Dynamics of clusters of galaxies in the presence of dark energy: Virgo cluster
H. A. Harutyunian, E. H. Nikogosyan
TL;DR
The paper investigates whether dark energy–baryon energy exchange can drive expansion of galaxy clusters, challenging the standard virial equilibrium view. It proposes a statistical method to detect radial motions by exploiting brightness-depth effects and applies it to the Virgo cluster using published radial-velocity catalogs and a Dressler density map. Hierarchical clustering reveals subgroups within Virgo that align with density and velocity maxima, suggesting a single system with internal fragmentation.
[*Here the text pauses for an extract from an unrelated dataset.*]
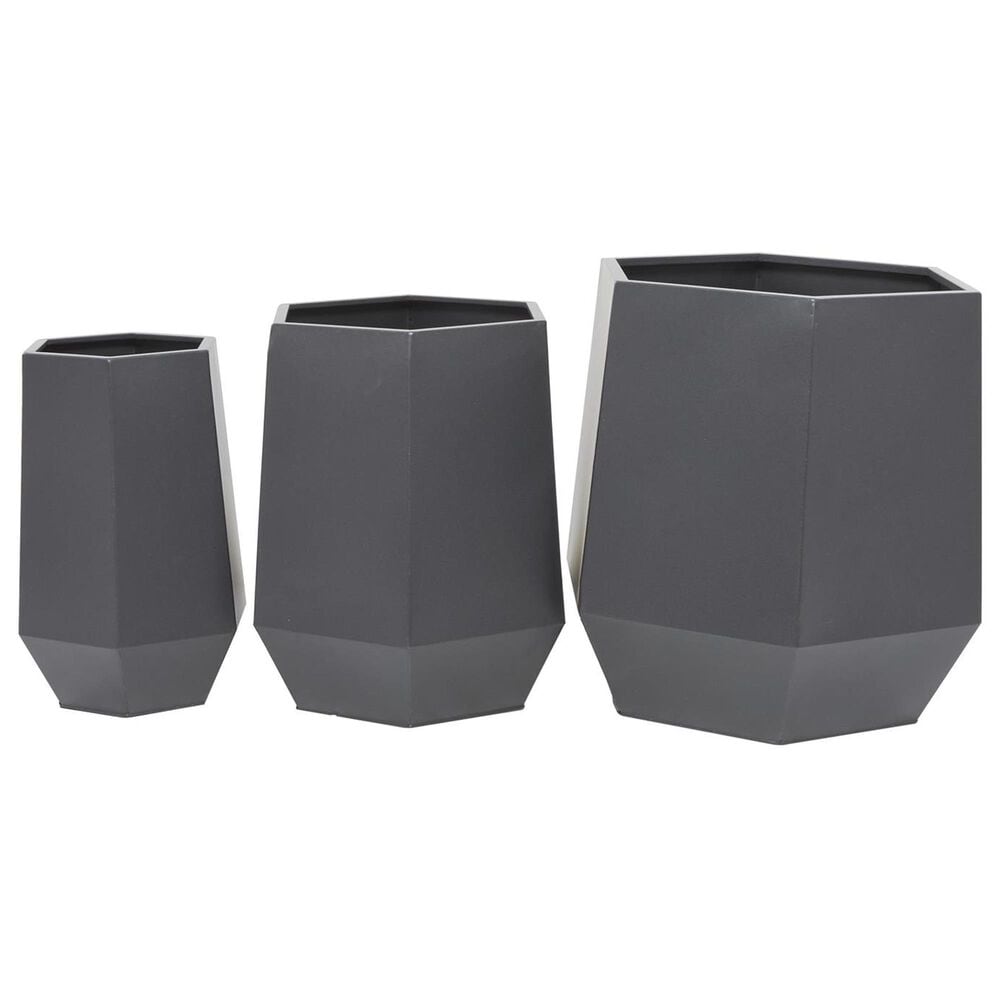 Maple and Jade Hexagon Planter in Matte Gray &#40;Set of 2&#41;, , large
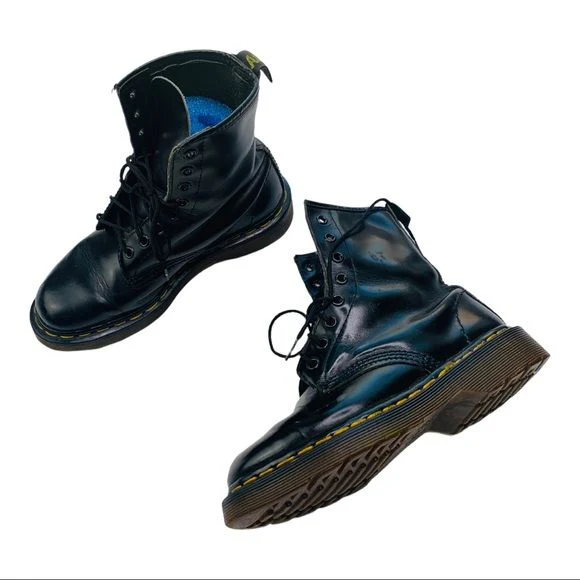 Vintage Combat Boots 8-Eye Lace-Up Docs Black Leather Womens Uk 3 by Dr Martens - Image 3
A key result is a positive correlation between subgroups' mean brightness and mean radial velocity, strengthening after removing an outlier, which the authors interpret as evidence of cluster-scale expansion driven by energy transfer from dark energy to baryons.
Abstract
It is shown that, owing to the interaction of baryonic matter with the carrier of dark energy, all configurations of baryonic matter acquire energy and inevitably must expand. This conclusion applies to all hierarchical levels of the baryonic universe, including galaxy clusters. We propose a simple statistical method for identifying possible radial motions of galaxies within clusters. To illustrate this method, we examined the structural features of the Virgo galaxy cluster and identified its substructure, comprising groups of galaxies of varying multiplicity. Galaxies in the substructure are somewhat brighter than those in the overall cluster, and each subgroup contains an active galaxy. Subgroups are considered to be the product of primordial ejections of matter from the central generator galaxy. It is shown that the average stellar magnitude of galaxies in subgroups positively correlates with their average velocity. This correlation can be interpreted as evidence of cluster expansion.